IL GRANDE INQUISITORE da “I fratelli Karamazov” di F.M. Dostoevskij

con Flavio Albanese e Tony Marzolla, drammaturgia e regia di Marinella Anaclerio, impianto scenico di Francesco Arrivo, costumi di Stefania Cempini,organizzazione Dario Giliberti, produzione Caterina Wierdis

(Teatro Tordinona – Roma, 18/23 novembre 2023)

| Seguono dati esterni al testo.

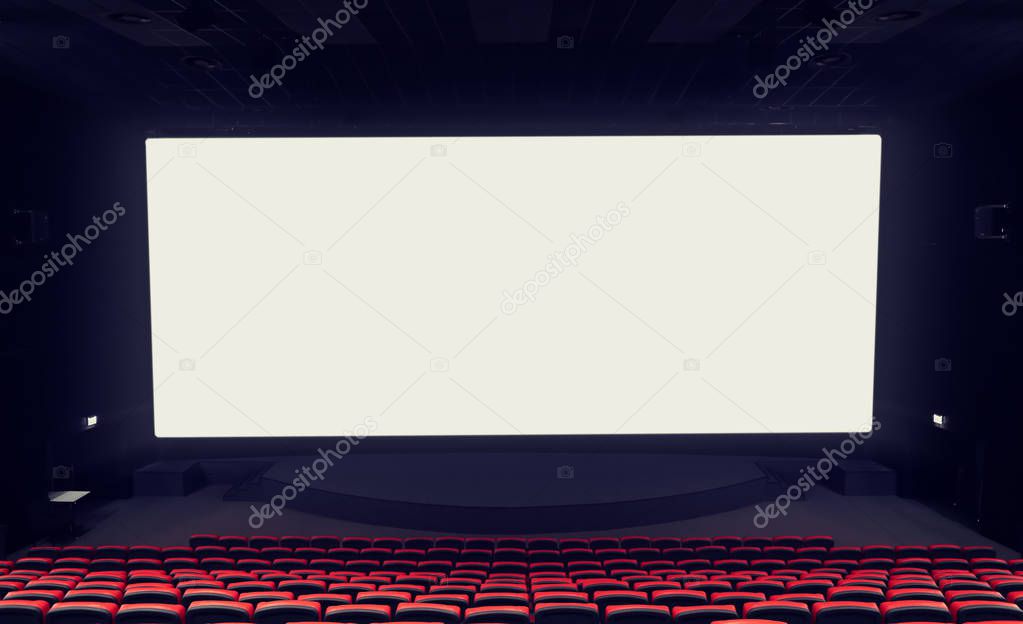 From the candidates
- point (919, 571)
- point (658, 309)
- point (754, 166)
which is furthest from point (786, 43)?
point (919, 571)

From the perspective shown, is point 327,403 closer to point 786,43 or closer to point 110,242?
point 110,242

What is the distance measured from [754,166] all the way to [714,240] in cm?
128

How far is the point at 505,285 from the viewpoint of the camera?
384 inches

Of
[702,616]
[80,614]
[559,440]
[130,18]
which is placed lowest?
[559,440]

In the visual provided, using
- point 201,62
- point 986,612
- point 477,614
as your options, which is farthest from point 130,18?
point 986,612

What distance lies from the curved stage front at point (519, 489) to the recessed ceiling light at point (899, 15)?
671 cm

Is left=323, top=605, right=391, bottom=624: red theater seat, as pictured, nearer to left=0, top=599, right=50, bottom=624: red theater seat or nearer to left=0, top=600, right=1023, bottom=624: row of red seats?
left=0, top=600, right=1023, bottom=624: row of red seats

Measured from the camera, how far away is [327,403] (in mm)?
9812

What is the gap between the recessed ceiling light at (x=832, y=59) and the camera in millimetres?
8219

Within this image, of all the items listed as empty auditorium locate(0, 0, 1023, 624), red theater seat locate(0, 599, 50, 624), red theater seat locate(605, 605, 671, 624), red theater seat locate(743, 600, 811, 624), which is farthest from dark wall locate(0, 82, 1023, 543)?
red theater seat locate(743, 600, 811, 624)

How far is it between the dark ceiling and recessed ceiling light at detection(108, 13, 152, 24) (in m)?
0.02

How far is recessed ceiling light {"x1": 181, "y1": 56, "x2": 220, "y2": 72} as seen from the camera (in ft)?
26.8

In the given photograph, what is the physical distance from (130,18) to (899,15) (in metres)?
8.67

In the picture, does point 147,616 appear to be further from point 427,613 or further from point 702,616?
point 702,616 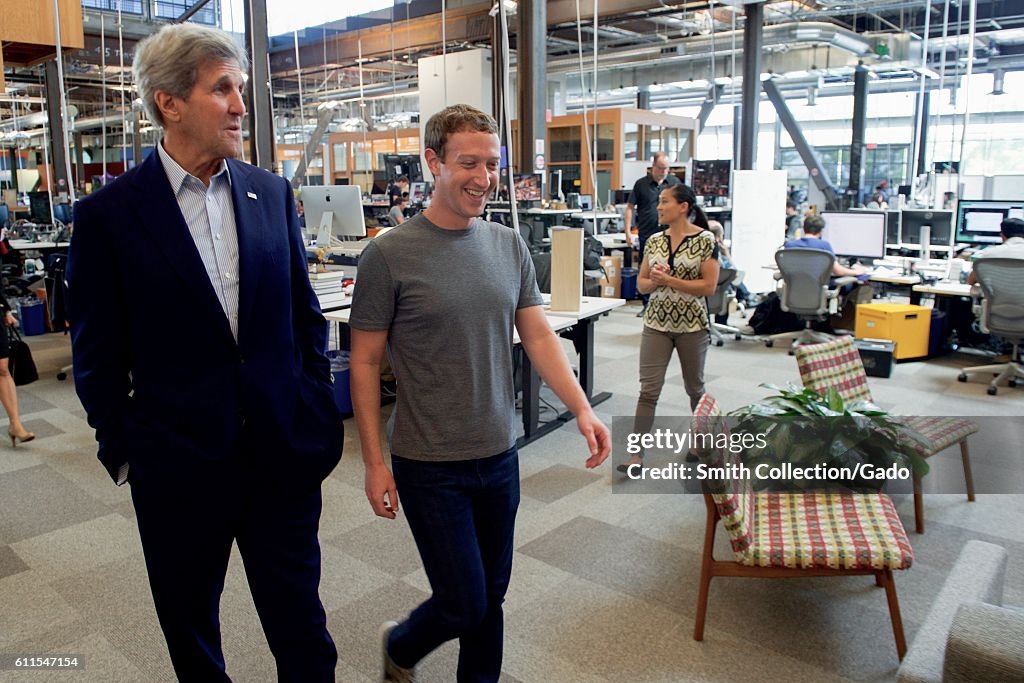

Un lacerto del testo a più scomparti del grande autore russo, un rimaneggiamento condensato in un’ora di un precedente spettacolo presentato al Mittelfest nel lontano 2010. Il focus si attiva sul contrastato rapporto e il conseguente dialogo/conflitto fra tue fratelli della famiglia dall’indole apparentemente inconciliabile. Dunque una perfetta miscela per far deflagrare un accattivante pezzo di teatro.

 

Cosa hanno in comune un aspirante scrittore e un aspirante monaco se non il legame tendenziale dell’essere fratelli. Alla fine si baceranno sulla bocca ma il duello dialettico tra le loro parole è corrosivo ed abbraccia il credere in Dio, la finzione degli uomini, rievocando la figura del grande inquisitore su cui si regge uno dei capitoli più pregnanti del lungo romanzo originario. Una ripresa non banale, su un lato nettamente diverso dal Karamazov, cavallo di battaglia di Umberto Orsini. Un senso di sincerità, la volontà di trapassare la formalità delle convenzioni per arrivare al bersaglio grosso dell’onesta valutazione dell’essere, del suo accadere e delle sue non infinite possibilità, è il tema centrale del potente confronto. Mentre discutono vivacemente, e a volte litigano, i due attendono un thè e una marmellata all’amarena che mai arriverà. Le parole alludono a una ricerca di salvezza esistenziale che può incamminarsi sulla strada della laicità o su quella della religione. Argomenti posti a misura degli interrogativi allo specchio dello spettatore in una dimensione tipica dell’anima russa.. Interpretazione superba di Flavio Albanese, dalla costante frequentazione dostoevskiyana. E l’attesa nel foyer è colmata dall’entretien di giovani aspiranti attori che si diffondono su aspetto della personalità dello scrittore russo, mai così riscoperto e valorizzato. Una piccola serata di charme in un teatro che non rinuncia a una preziosa qualità.